Estamos cerca de la meta. Hemos atravesado el desierto cuaresmal en el que hemos sido tentados con inventar caminos, quedarnos sentados comiendo dátiles, dejarnos confundir con alucinaciones y realidades virtuales, utilizar a los demás y alejarnos del grupo para caminar a nuestro aire. Sin embargo, gracias a la gracia, nos hemos convertido (más o menos) y, siguiendo las huellas de Jesucristo, estamos en condiciones de acompañarlo en la Semana grande de nuestra fe para vivir el Misterio pascual.

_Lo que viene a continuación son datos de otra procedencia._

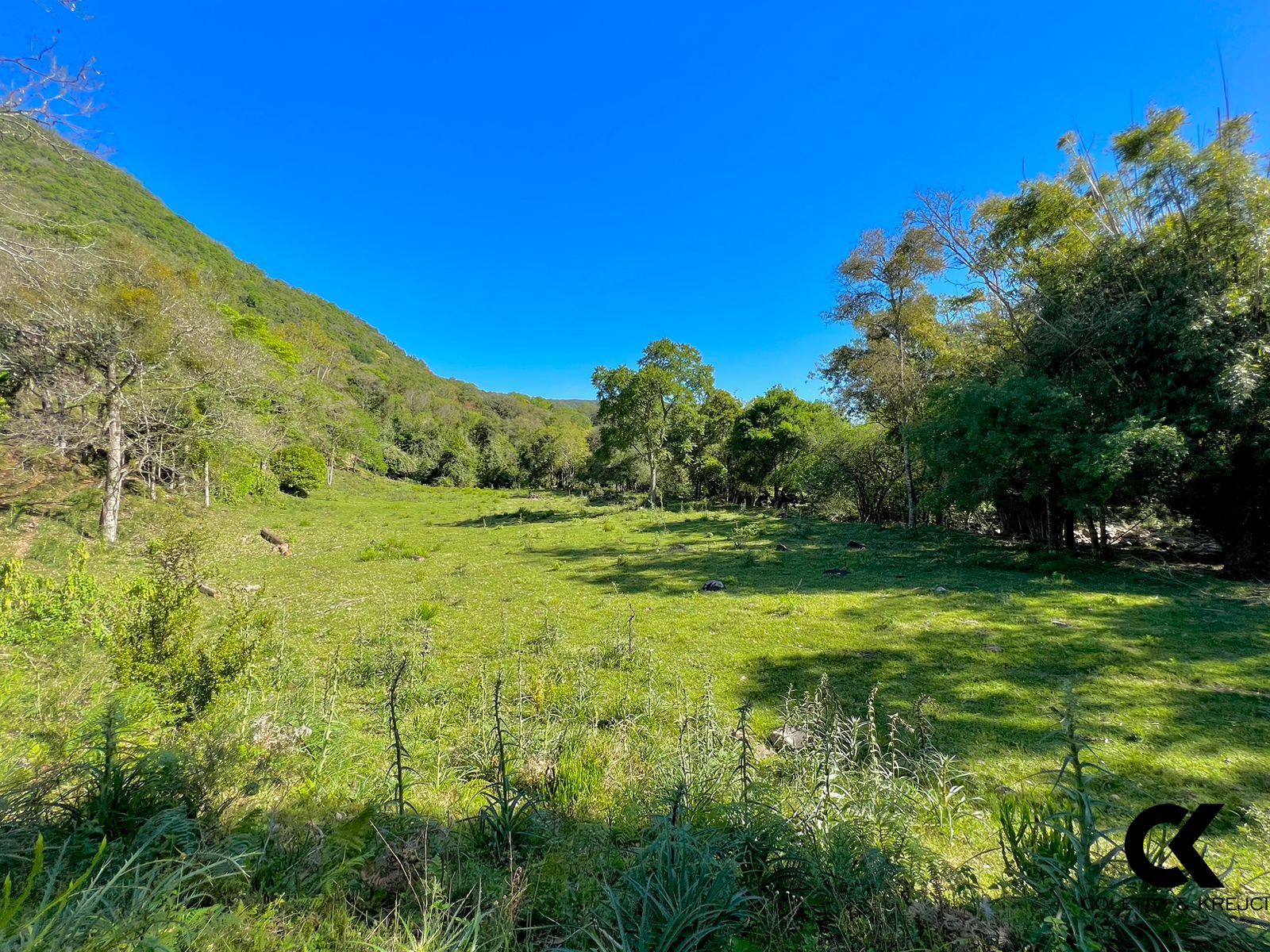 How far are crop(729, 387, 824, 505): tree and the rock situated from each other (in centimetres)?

Desde el principio, al ser humano se le presentó el reto de la división y el enfrentamiento, fruto no deseado del pecado. Con el pecado, siempre sucede lo mismo. Para remediarlo, el Padre nos envió a su propio Hijo quien, con su muerte, destruyó el muro que nos separaba: el odio (cf. Ef 2, 14). La Semana Santa celebra la alegría que brota de la comunión. Y lo hace principalmente el domingo de ramos con su entrada gloriosa y unánimemente aplaudida en Jerusalén y el jueves santo en la última Cena, anticipo de su entrega en la cruz en la forma de alimento y lavatorio de los pies.

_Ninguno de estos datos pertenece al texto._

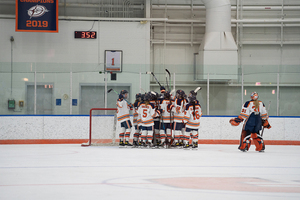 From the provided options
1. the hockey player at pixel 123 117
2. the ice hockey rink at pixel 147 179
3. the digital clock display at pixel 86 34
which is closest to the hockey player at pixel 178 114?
the hockey player at pixel 123 117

La alegría de la comunión se vio frustrada, sin embargo, a causa de la traición. Atrás quedaron los vítores y agasajos, atrás los recuerdos de los grandes milagros, las curaciones, las pescas milagrosas, los paralíticos sanados. La traición se estrenó de la mano de Judas. El dinero le había corroído el corazón. El mensaje de pobreza, solidaridad y desprendimiento que Jesús le había dirigido cayó en saco roto. Al final, lo vendió por unas tristes monedas de plata. Lo abandonaron también el resto de discípulos y el pueblo llano. Al final, sólo permanecieron a su lado María, su Madre, María la Magdalena y Juan, el discípulo amado.
Nos conmueve la soledad de Jesús, nos conmueve la soledad de María. Esa misma soledad la padecen hoy muchas personas mayores, también enfermas, en aldeas perdidas y despobladas de nuestra Diócesis. Muchas, además, cargan sobre sus espaladas el dolor y hasta la vergüenza de no ser suficientemente atendidas por sus allegados, y el estigma de no poder pagar una residencia. En esta Semana Santa, hagamos el ejercicio de acompañar a Jesús solo, a María en su soledad, a los solos de nuestro mundo.

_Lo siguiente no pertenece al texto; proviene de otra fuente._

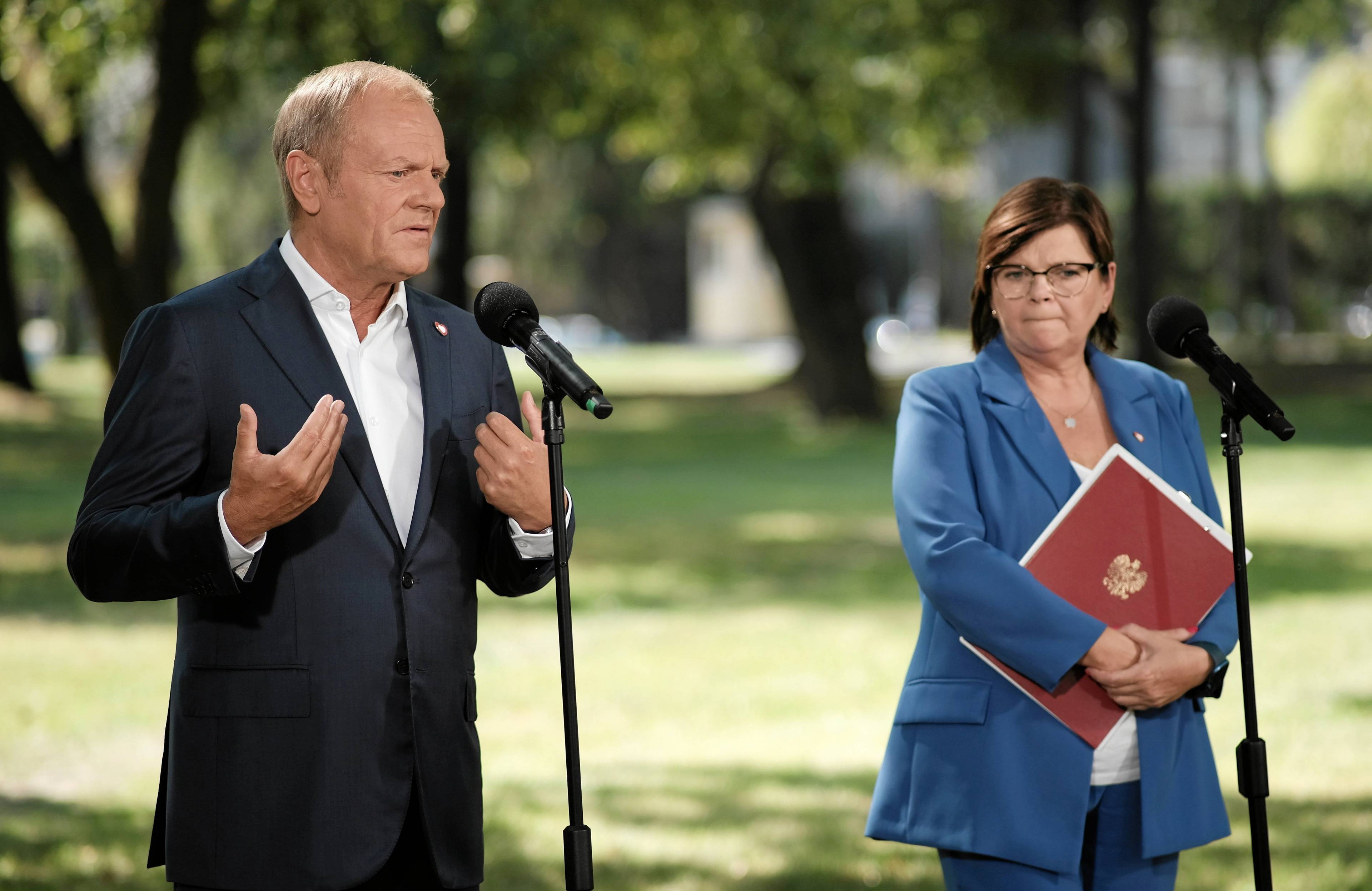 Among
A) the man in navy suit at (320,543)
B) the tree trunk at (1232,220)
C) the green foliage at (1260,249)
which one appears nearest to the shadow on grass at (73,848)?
the man in navy suit at (320,543)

Que los escribas y fariseos querían acabar con él lo sabía y hasta lo podía esperar. Pero lo que más le entristeció fue la traición de sus discípulos. Pocas ofensas duelen tanto como la traición. Pocos pecados entristecen tanto al Señor como que utilicemos la confianza que ha puesto en nosotros para herirlo y abandonarlo. Arrepentidos lo invocamos: ¡Perdón, Señor, perdón!
Al dolor del alma se sumó enseguida el dolor de un cuerpo maltrecho, en primer lugar, por la colocación sobre su cabeza de una corona de espinas inmisericordes. El tren del dolor se detuvo en una nueva estación cuando Pilato ordenó que fuera flagelado, lo cargó con una pesada cruz y le obligó a llevarla hasta la cima del monte Calvario donde, finalmente, fue clavado en el madero.
“Mirad el árbol de la cruz”. Mirad al crucificado. En la cruz encontramos la expresión máxima del amor de Dios hacia nosotros, pero también la manifestación más vergonzosa de nuestro pecado. Contemplando a Jesús clavado en ella, nuestro ego se empequeñece, nuestros orgullos y aspiraciones quedan al descubierto, nuestros dolores se achican y la pasión de nuestros hermanos los enfermos, los pobres y los excluidos termina por vencer nuestra indiferencia.
La alegría del encuentro y la comunión se quebró por nuestra acción u omisión, pero Cristo nos ha salvado. En él, muerto y resucitado, todos nos encontramos. Participemos de su amistad y colaboremos en su misión. De este modo, como nos indica el Plan pastoral diocesano 2023-2028, haremos grande la comunidad.